**Web page caption snippets**:
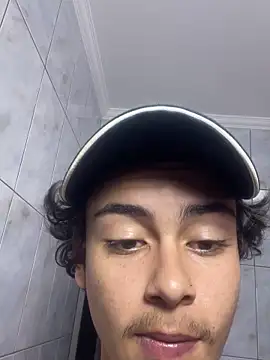 resende1016 online show from September 26, 6:38 pm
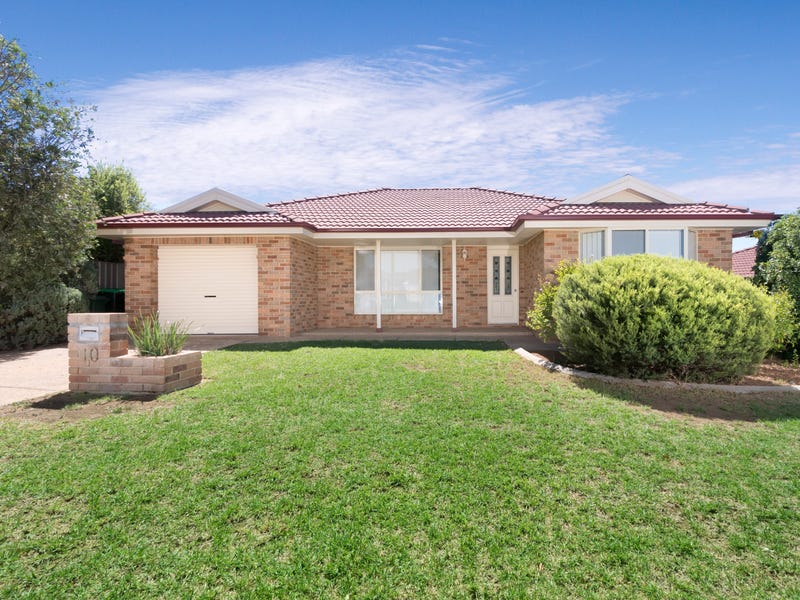 2/10 Illeura Road, Bourkelands, NSW 2650 Property Details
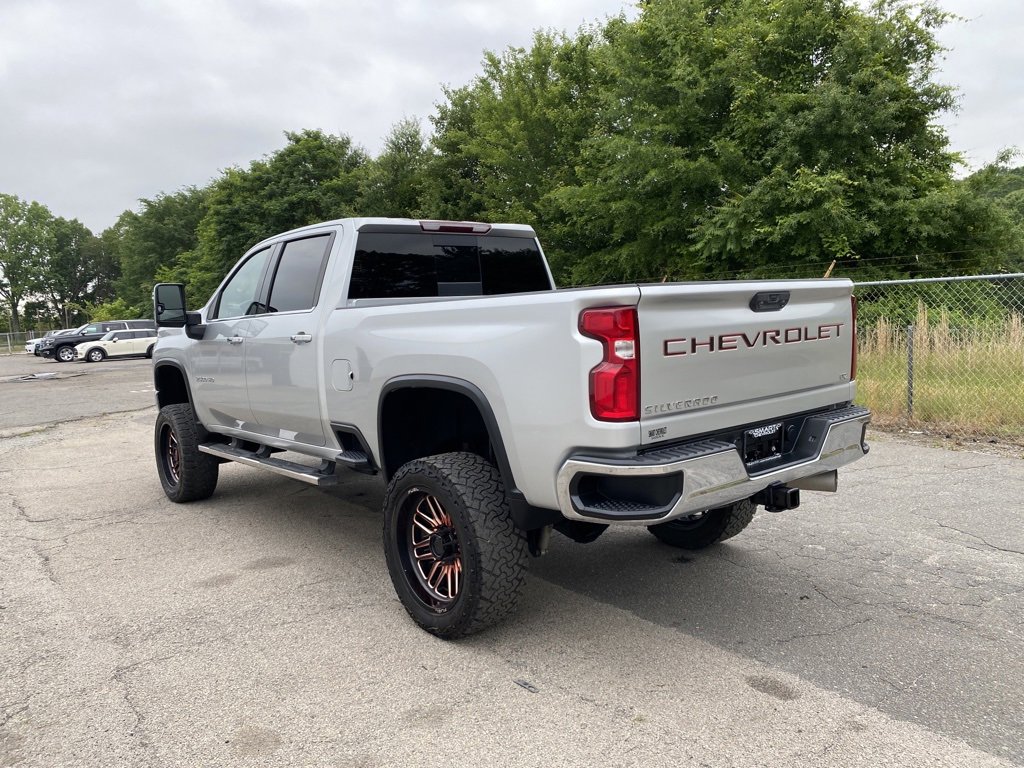 Used 2022 Chevrolet Silverado 2500 LTZ w/ LTZ Convenience Package image 4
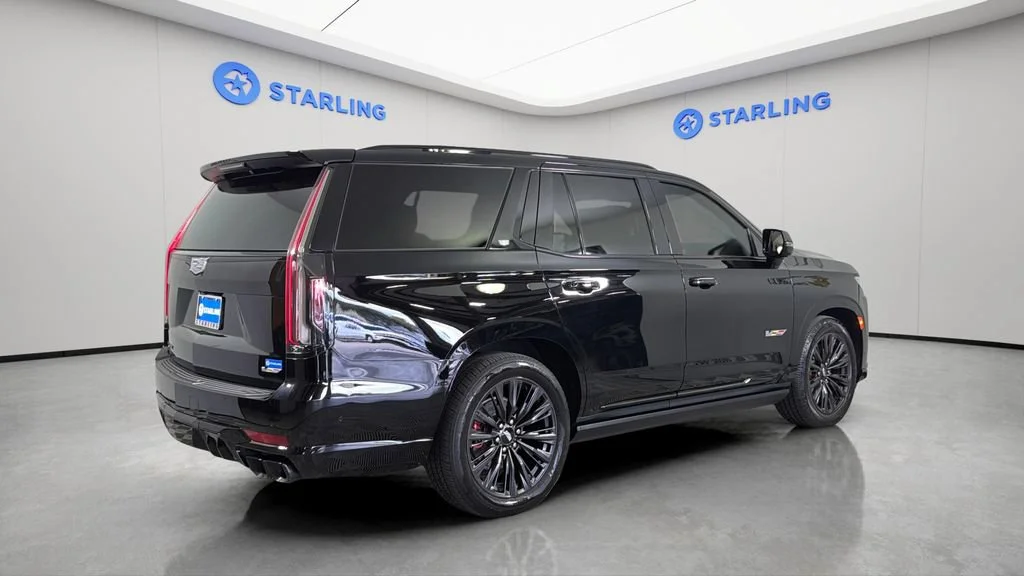 Used 2023 BLACK RAVEN Cadillac AWD V-Series image 10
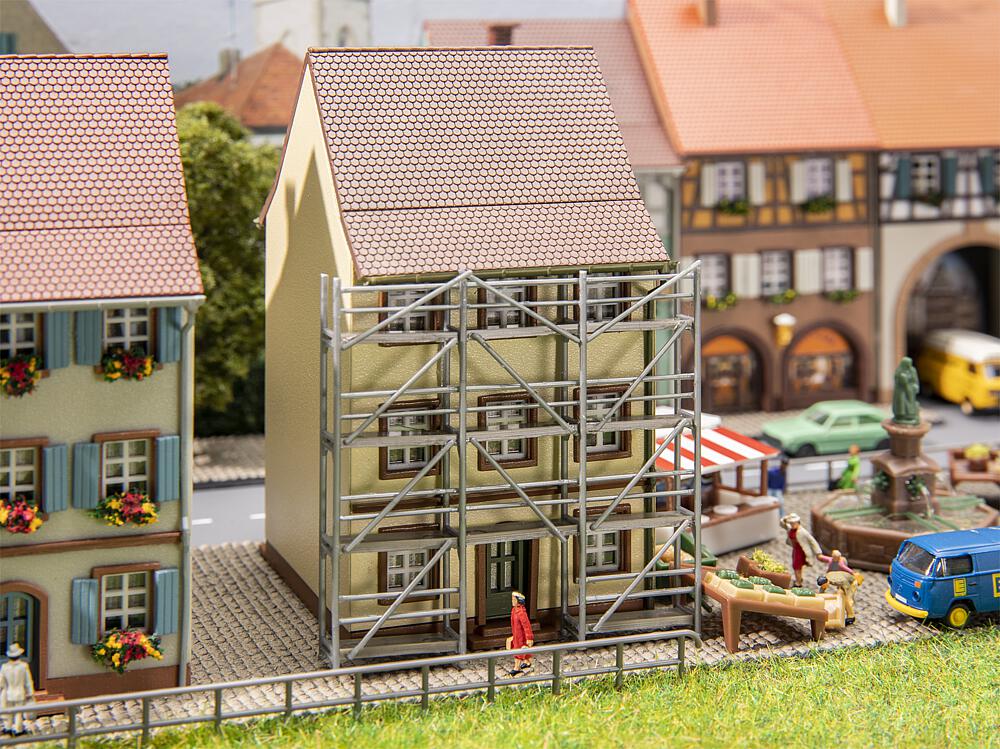 Faller 232175   N  Maison de vieille ville avec échafaudage 52 x 63 x 83 mm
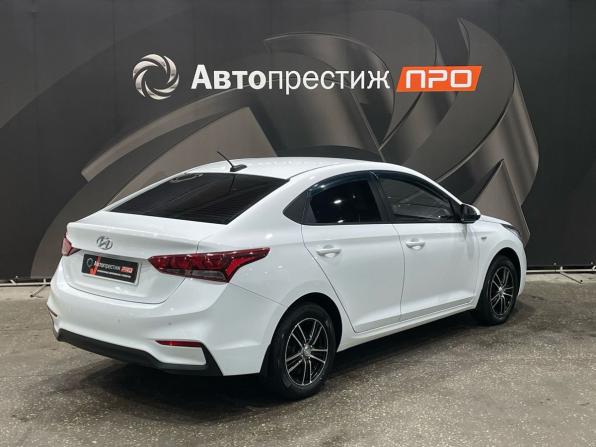Hyundai Solaris II с пробегом 2017 года, цена 1 180 000 рублей, 120708 км, седан, Автокод Объявления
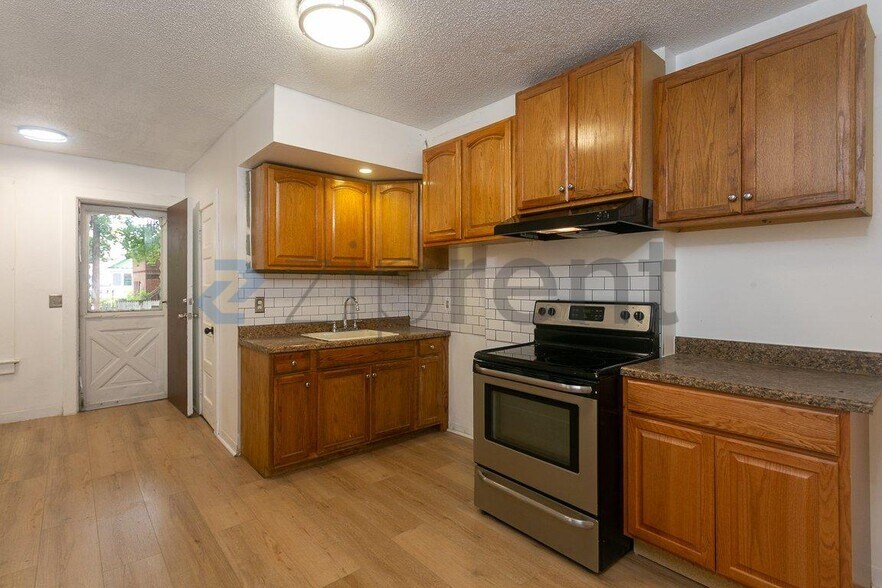 Building Photo - Unit 1L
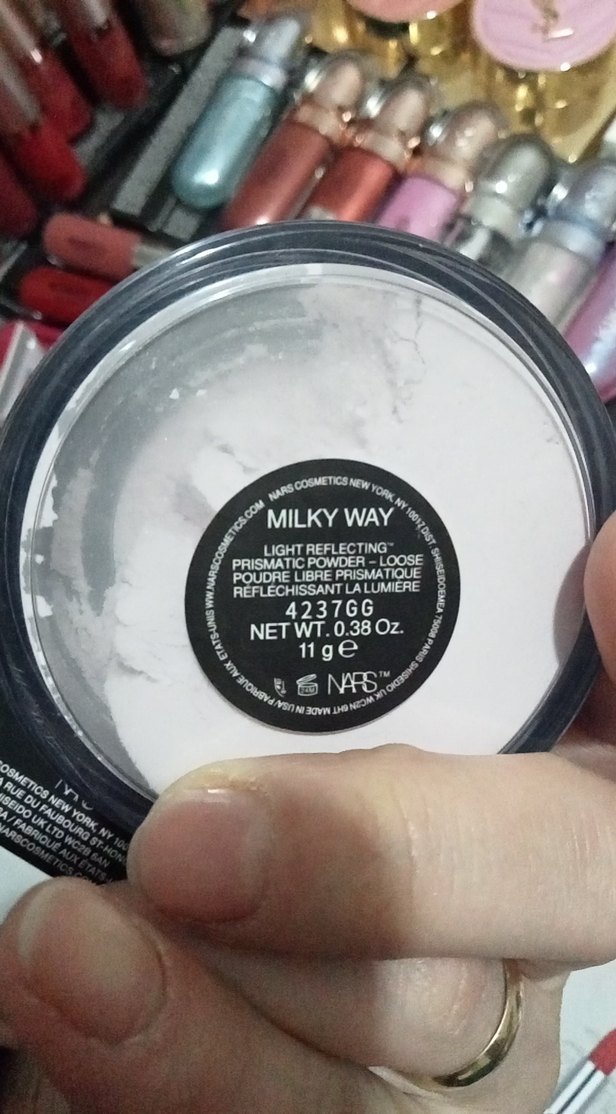 NARS Işıltılı Prizmatik Pudra Siyah - Görsel 3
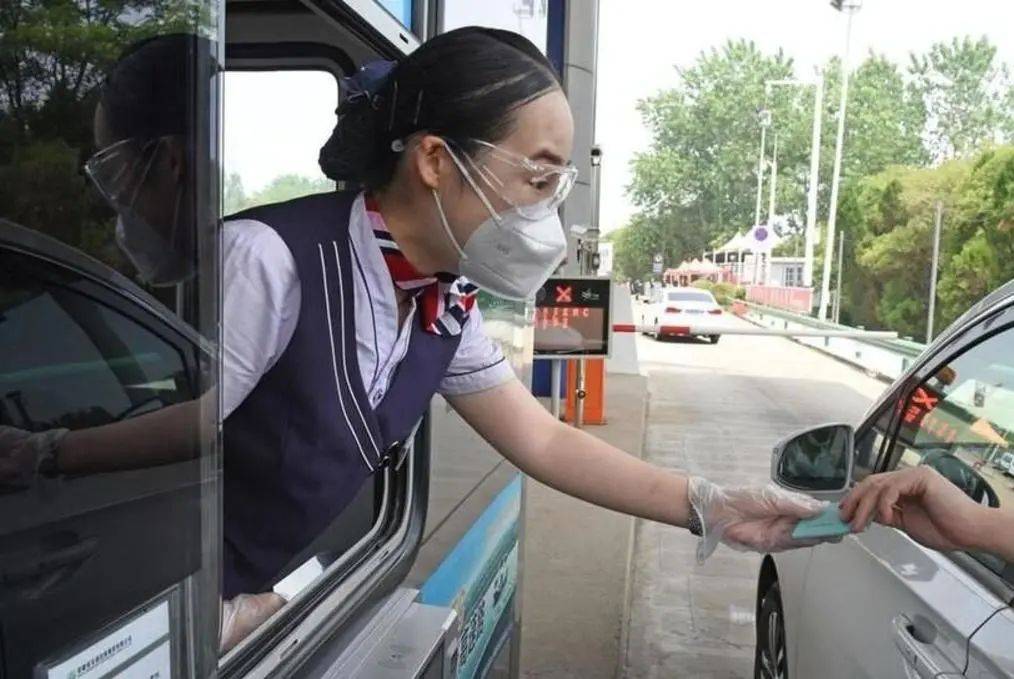 原创             高速ETC通道空空荡荡，人工通道却排长龙？收费员道出真相：这是迟早的事！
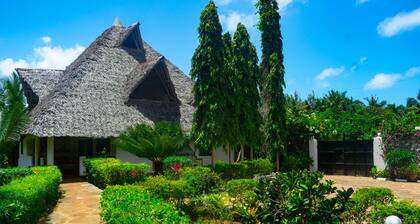 Familienfreundliches Ferienhaus mit umzäuntem Pool, das einzige in Diani Beach.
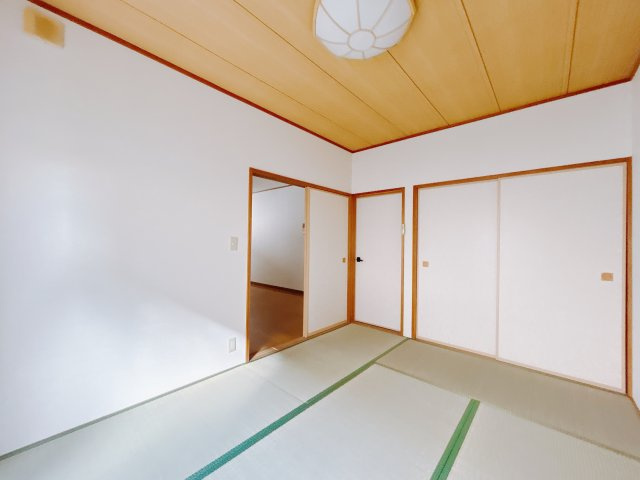 【中古戸建】高崎市剣崎町の和室|■1階和室｜和室でしか味わえない畳ならではの香りや素材で和のやすらぎを感じてください♪休日はお子様とお昼寝するのにも最適です！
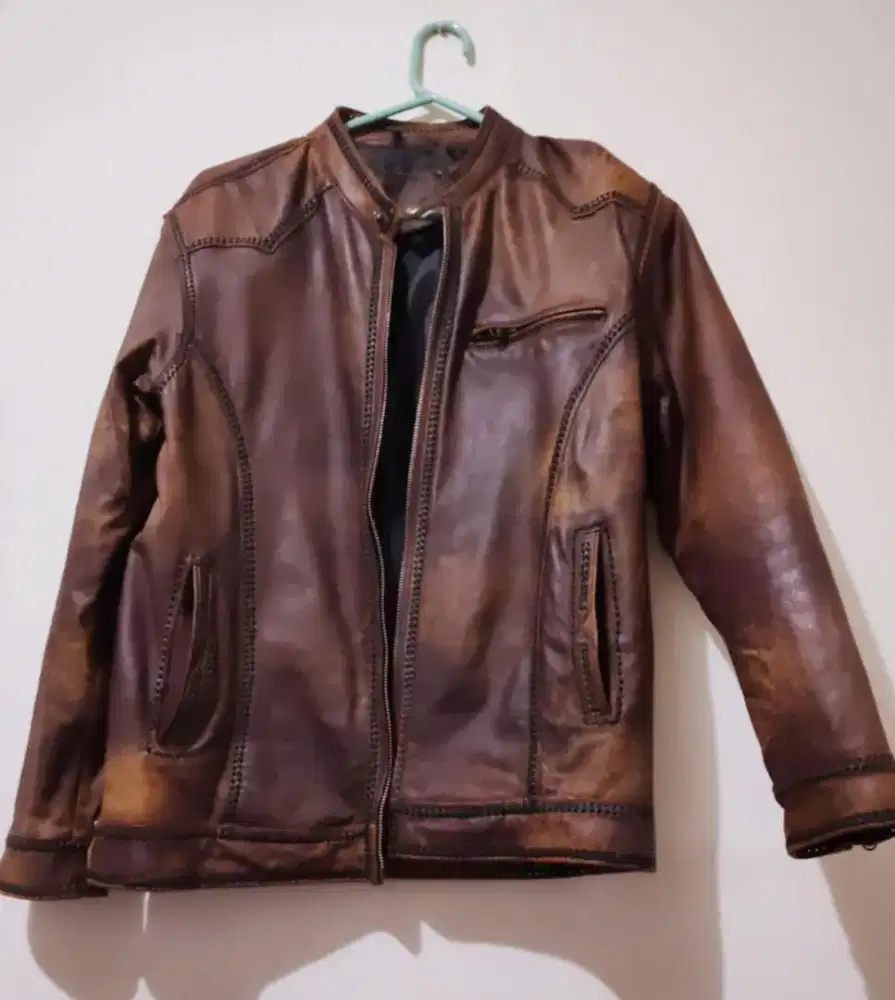 Jaket kulit sulam warna wosh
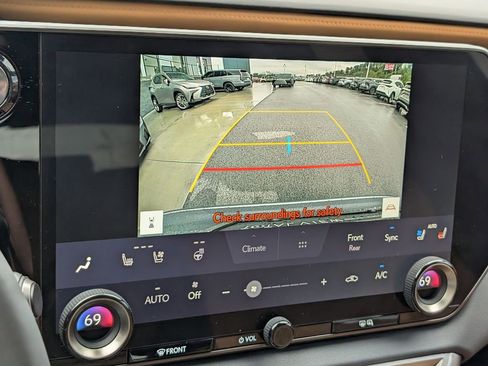 Used 2024 Lexus RX 350h image 9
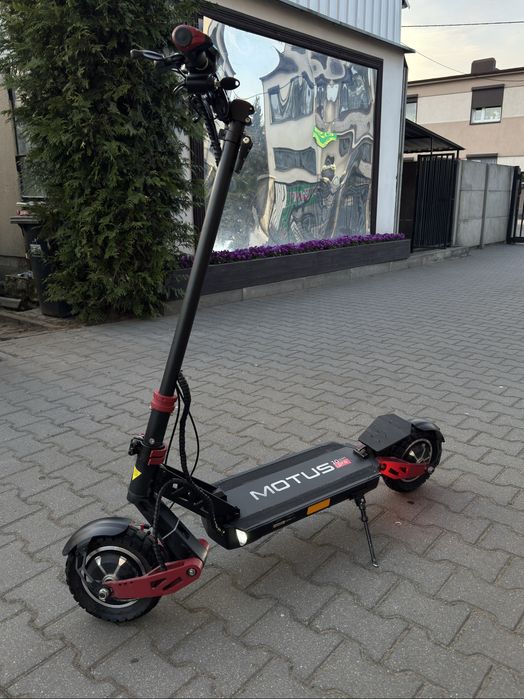 Hulajnoga Motus 10 Pro Sport *Zadbana*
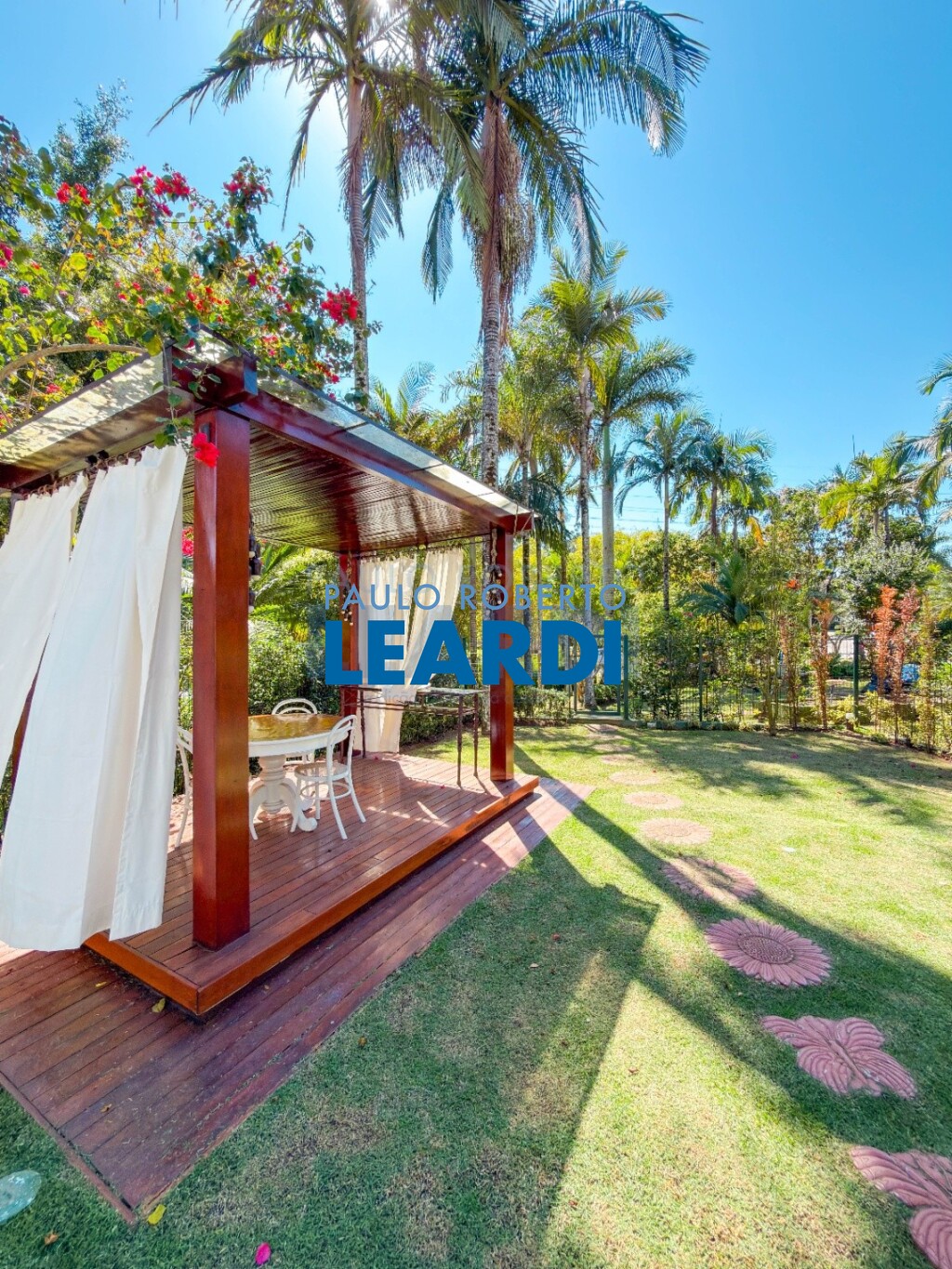 Casa de Condomínio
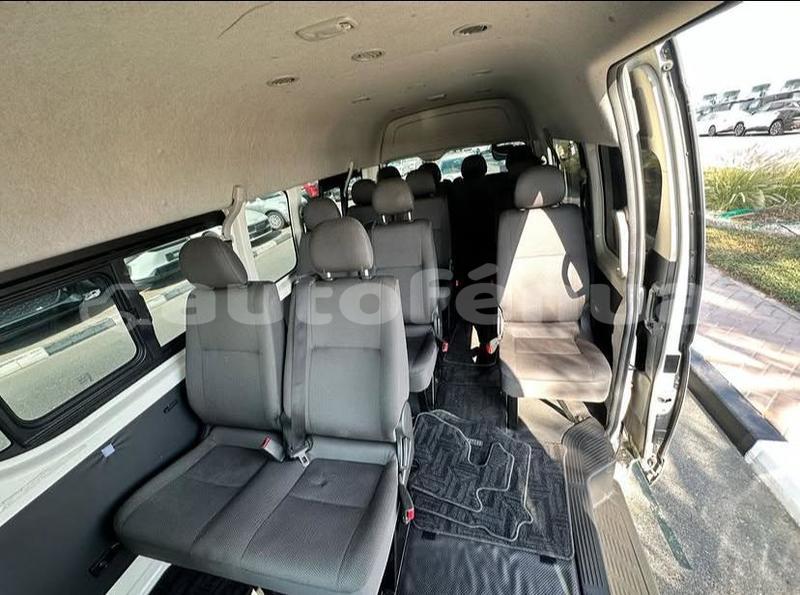 Big with watermark toyota hiace tuamotu apataki 5173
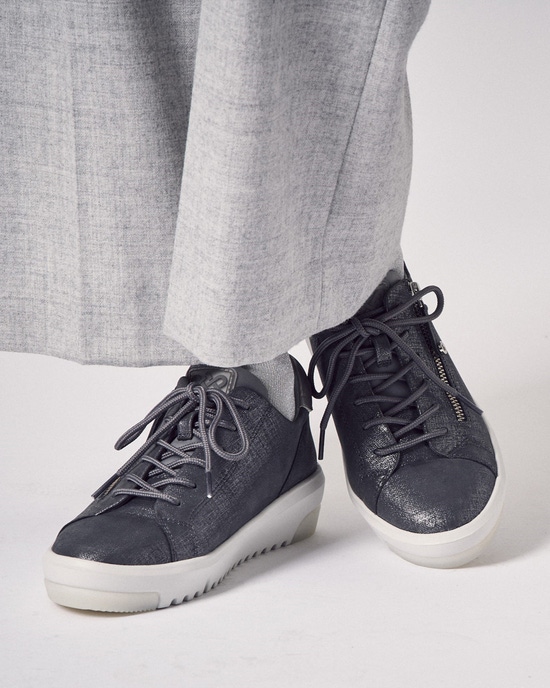 サイドジップレザースニーカー700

**DESCRIPTION OF THE TASK**: Omit the pictures, and please restate word for word the lines running from the line with "Hulajnoga Motus 10 Pro Sport *Zadbana*" to the end of the entries.

**RESULT FOR THIS TASK**:
 Hulajnoga Motus 10 Pro Sport *Zadbana*
 Casa de Condomínio
 Big with watermark toyota hiace tuamotu apataki 5173
 サイドジップレザースニーカー700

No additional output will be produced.